## Aim of the task
Retype the listing below exactly, pictures removed.

## Source material

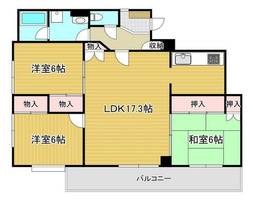 福岡県北九州市小倉南区守恒1丁目(マンション)の賃貸物件の間取り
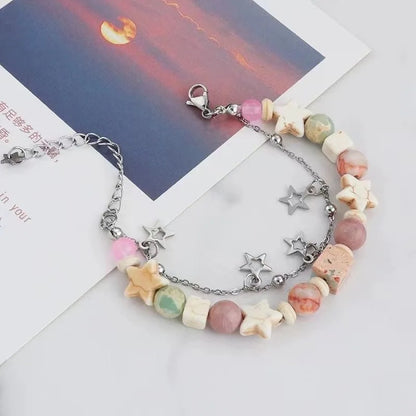 Handmade Star Double Layer Cream Beaded Bracelet for Women
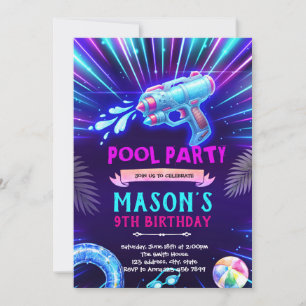 Invitation à une fête au pistolet à eau néon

## Reply
 福岡県北九州市小倉南区守恒1丁目(マンション)の賃貸物件の間取り
 Handmade Star Double Layer Cream Beaded Bracelet for Women
 Invitation à une fête au pistolet à eau néon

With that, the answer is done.